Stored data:
********

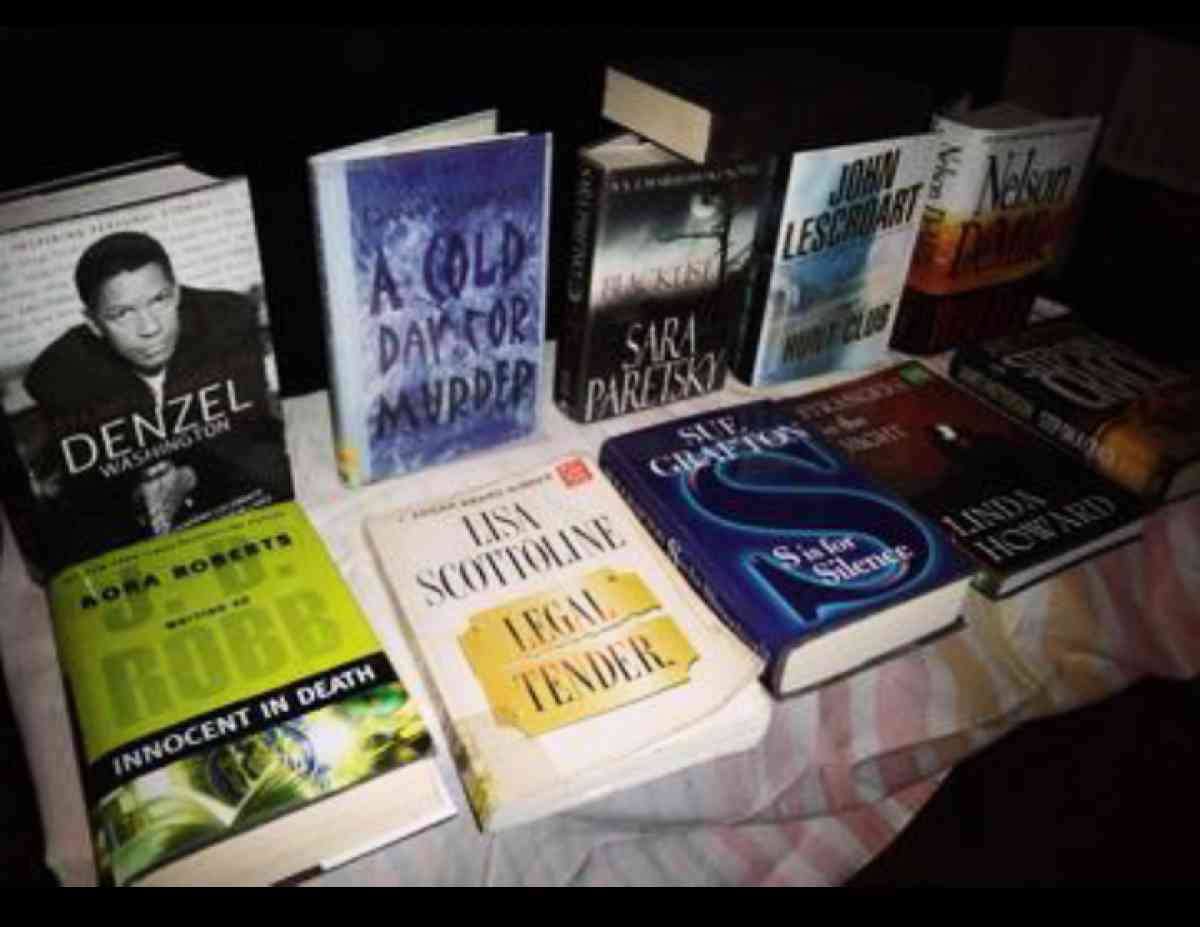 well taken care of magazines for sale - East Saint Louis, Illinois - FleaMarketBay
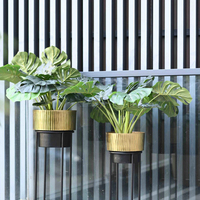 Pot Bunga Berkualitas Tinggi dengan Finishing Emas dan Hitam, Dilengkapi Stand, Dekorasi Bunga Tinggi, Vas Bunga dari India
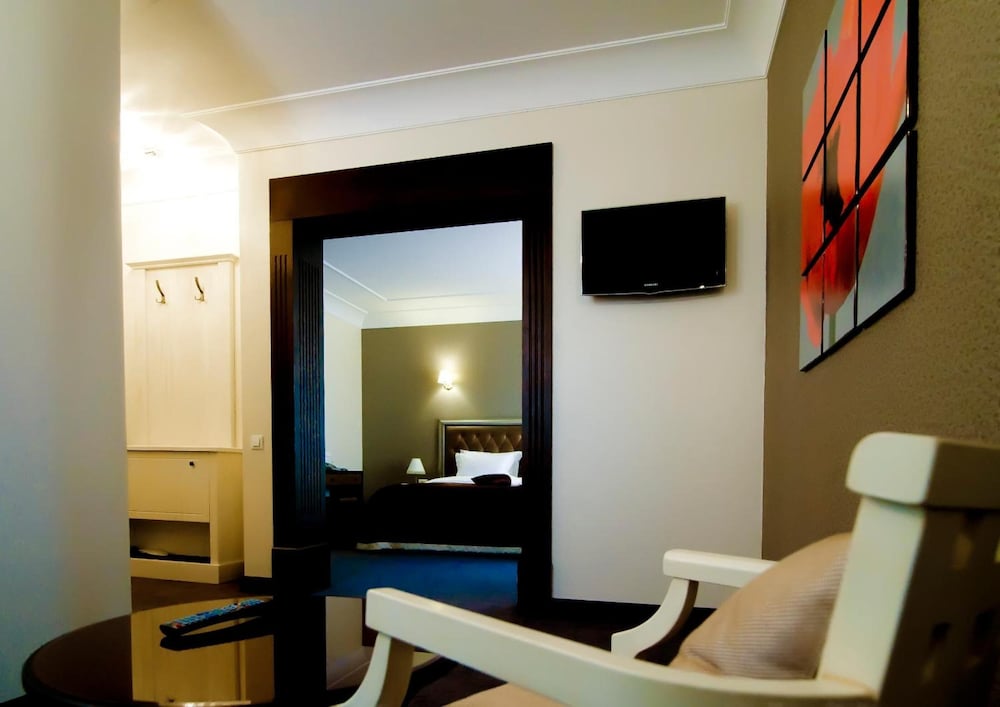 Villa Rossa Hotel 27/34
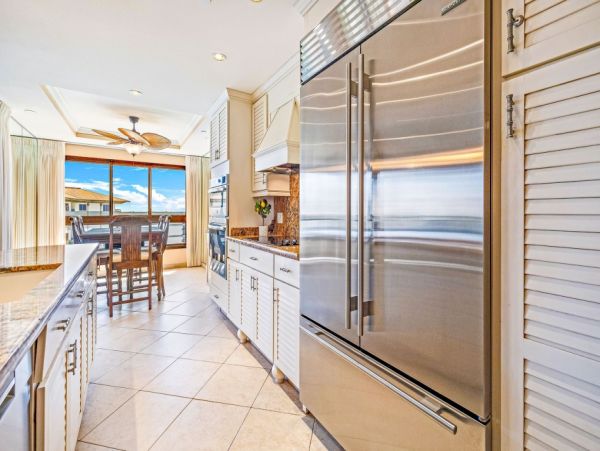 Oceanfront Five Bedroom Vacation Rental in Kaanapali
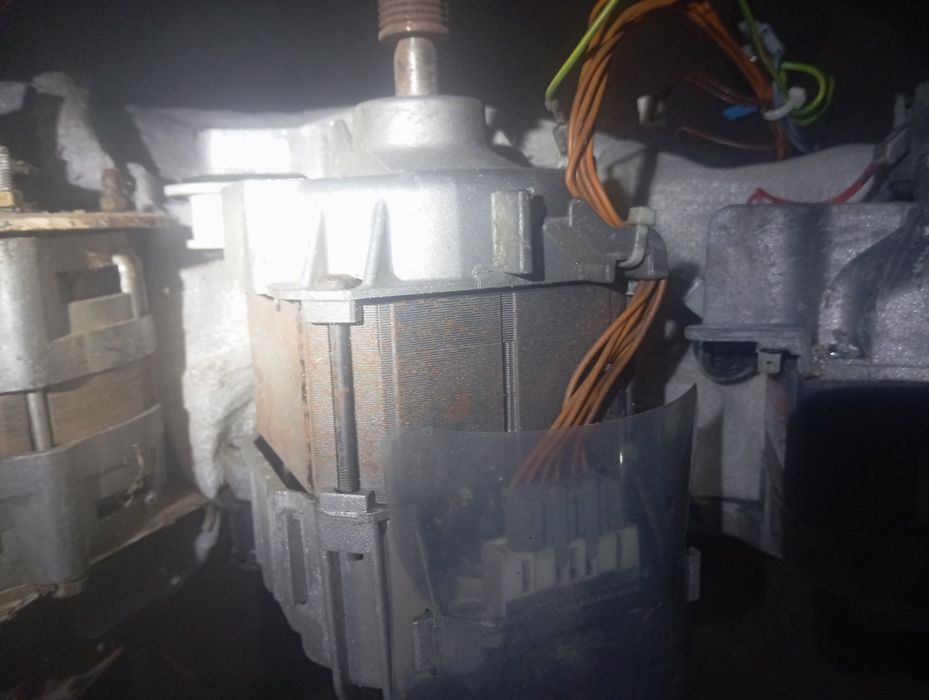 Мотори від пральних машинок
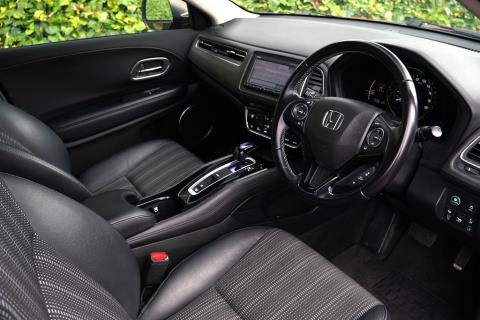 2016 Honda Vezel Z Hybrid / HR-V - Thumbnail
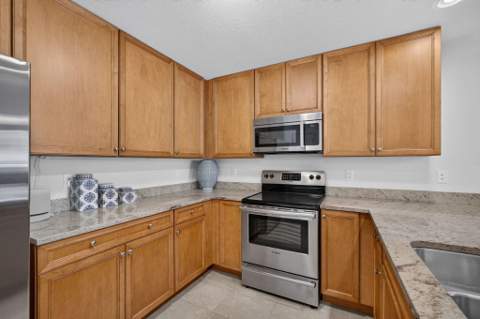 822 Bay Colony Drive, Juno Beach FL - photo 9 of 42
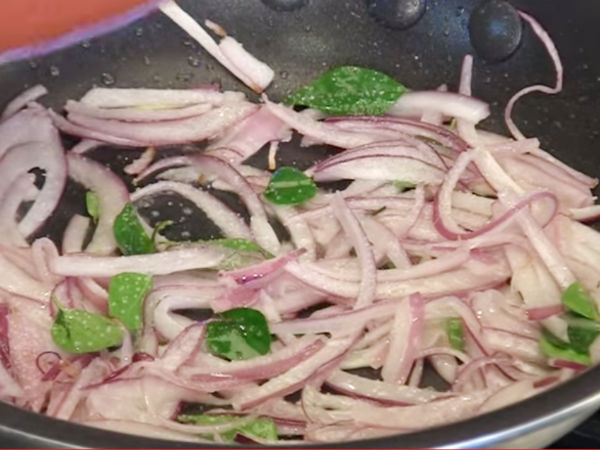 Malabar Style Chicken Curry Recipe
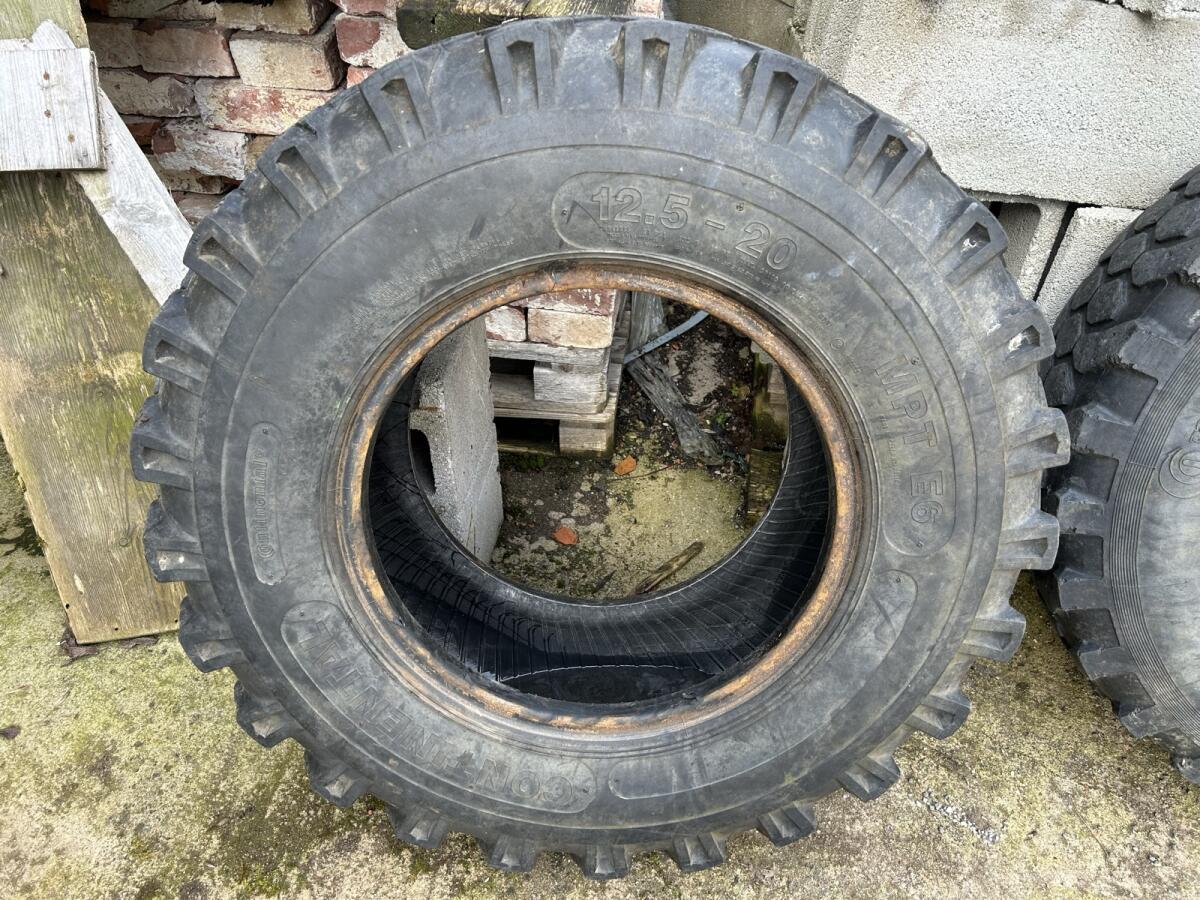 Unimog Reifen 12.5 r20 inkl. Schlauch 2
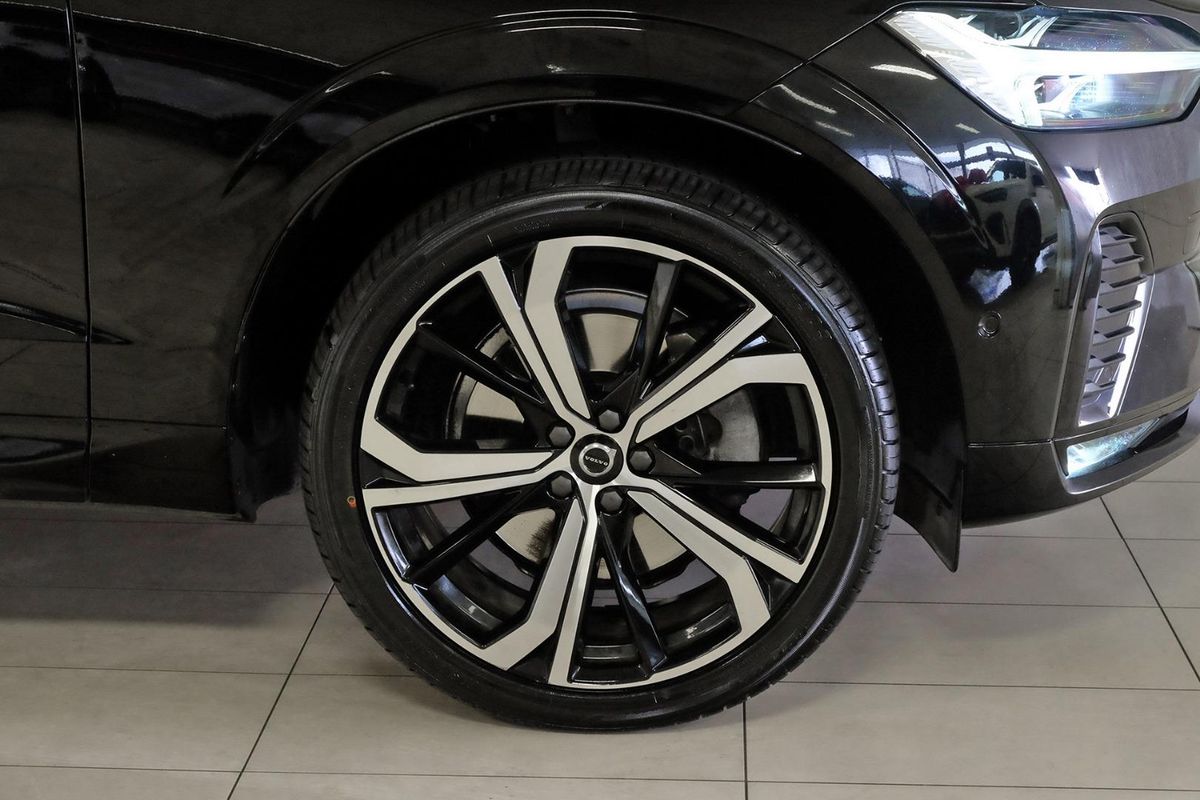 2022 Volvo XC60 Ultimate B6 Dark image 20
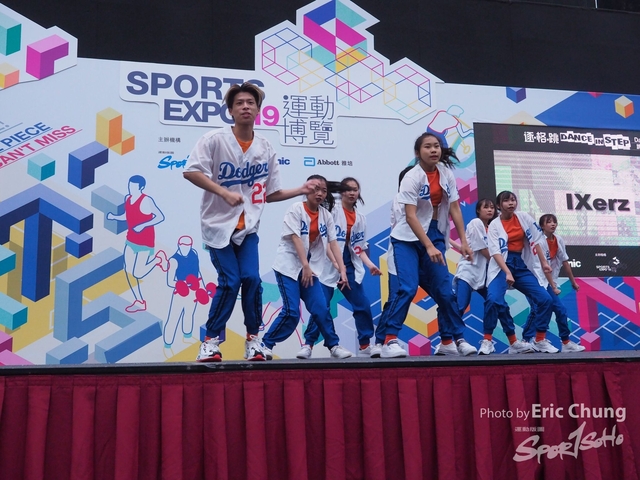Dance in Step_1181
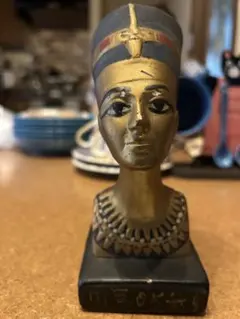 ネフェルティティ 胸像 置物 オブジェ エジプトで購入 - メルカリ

********

• WHAT IS NEEDED: The answer must be the lines from the first one in the records through the line containing "Villa Rossa Hotel 27/34", copied exactly, with no pictures.

• TASK RESPONSE:
 well taken care of magazines for sale - East Saint Louis, Illinois - FleaMarketBay
 Pot Bunga Berkualitas Tinggi dengan Finishing Emas dan Hitam, Dilengkapi Stand, Dekorasi Bunga Tinggi, Vas Bunga dari India
 Villa Rossa Hotel 27/34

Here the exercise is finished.